Task to complete -
From the material below, return exactly the lines starting at the one that holds "The R300 has" and ending at the one that holds "If you need". Pictures stay out of the answer.

Data supplied below:

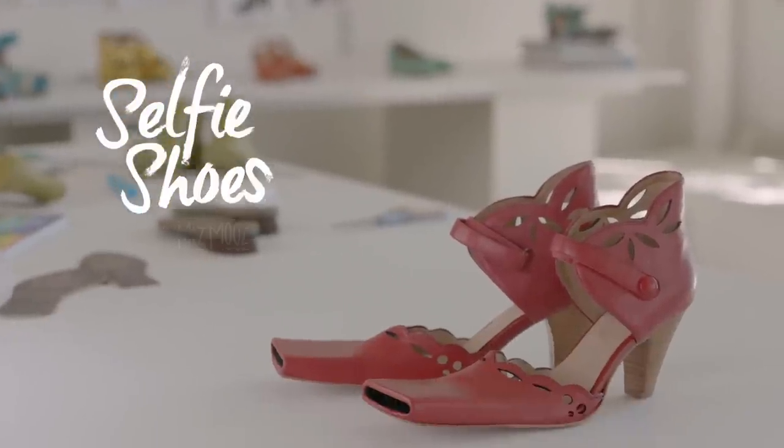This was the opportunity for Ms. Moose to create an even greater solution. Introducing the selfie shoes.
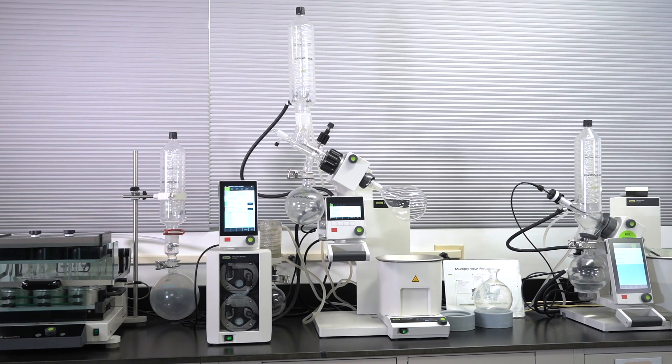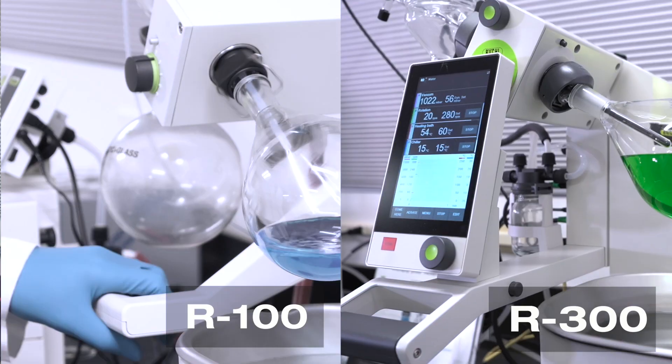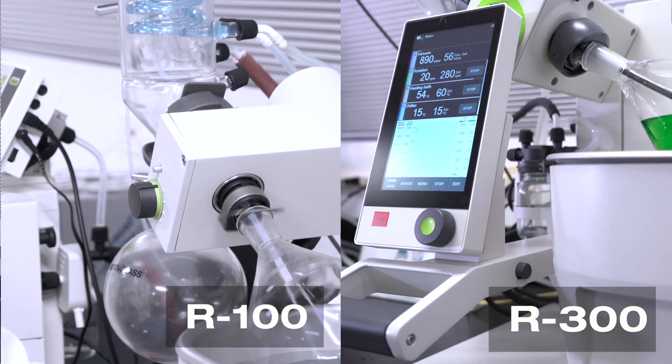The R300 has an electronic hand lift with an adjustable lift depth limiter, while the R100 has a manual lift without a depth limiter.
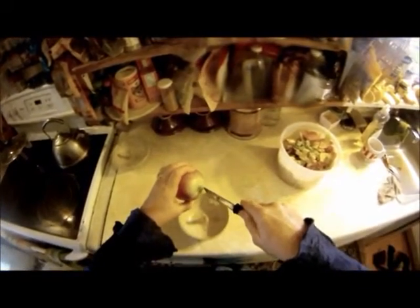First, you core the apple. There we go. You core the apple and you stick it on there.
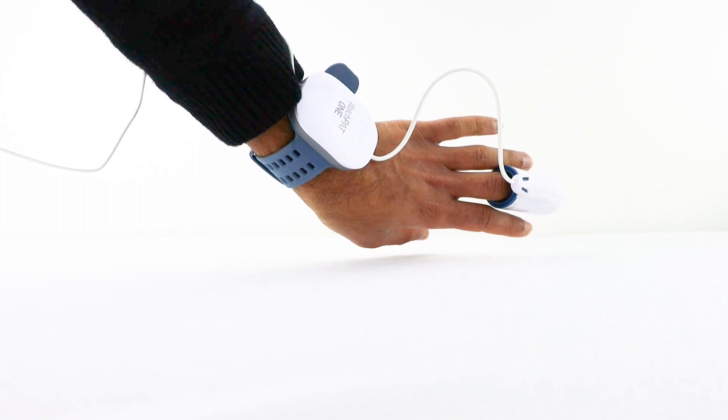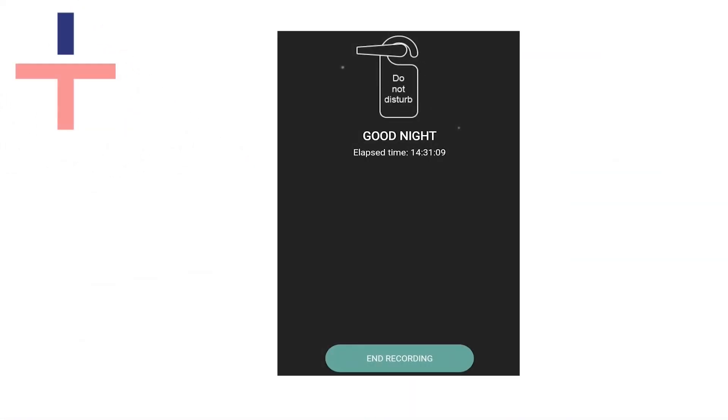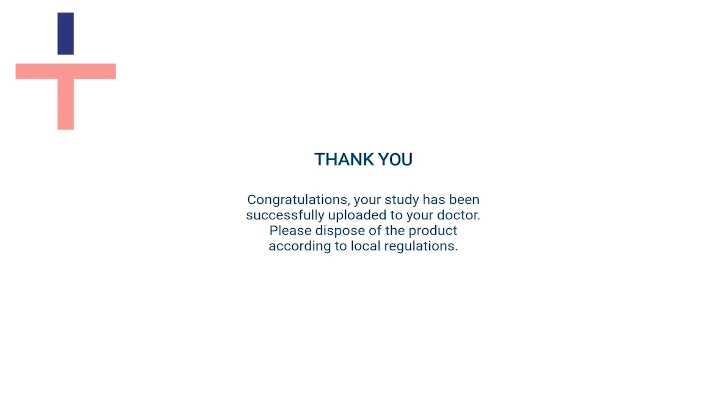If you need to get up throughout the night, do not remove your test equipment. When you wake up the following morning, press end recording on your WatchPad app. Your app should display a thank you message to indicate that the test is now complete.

End of Data supplied.
Data supplied below:

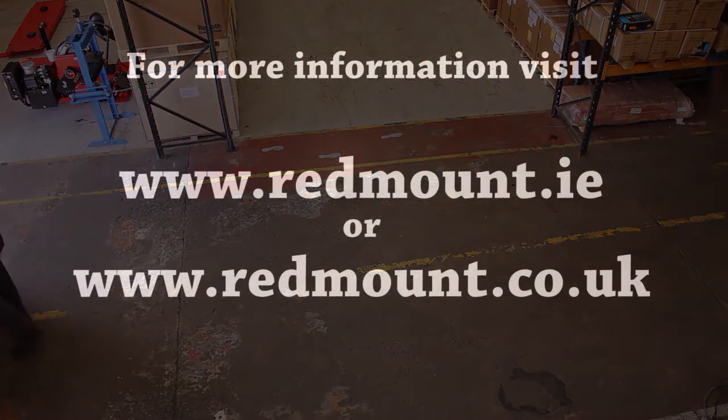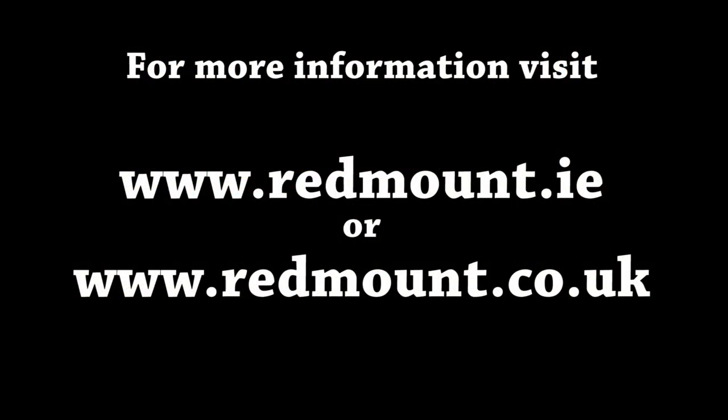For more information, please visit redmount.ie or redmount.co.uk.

End of Data supplied.
Data supplied below:

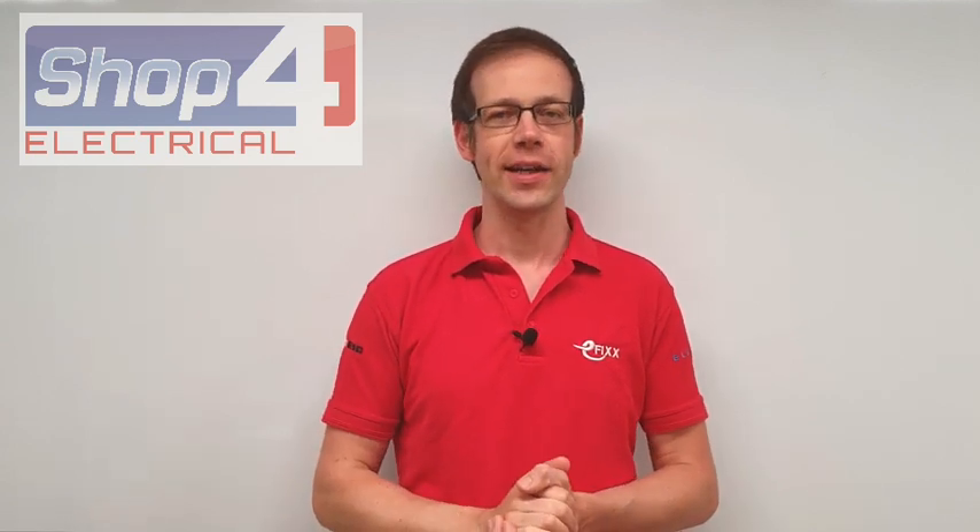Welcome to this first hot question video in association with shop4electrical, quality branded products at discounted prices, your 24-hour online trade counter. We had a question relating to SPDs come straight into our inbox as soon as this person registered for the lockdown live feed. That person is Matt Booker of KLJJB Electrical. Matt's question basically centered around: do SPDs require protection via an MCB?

End of Data supplied.

Solution below -
The R300 has an electronic hand lift with an adjustable lift depth limiter, while the R100 has a manual lift without a depth limiter.
First, you core the apple. There we go. You core the apple and you stick it on there.
If you need to get up throughout the night, do not remove your test equipment. When you wake up the following morning, press end recording on your WatchPad app. Your app should display a thank you message to indicate that the test is now complete.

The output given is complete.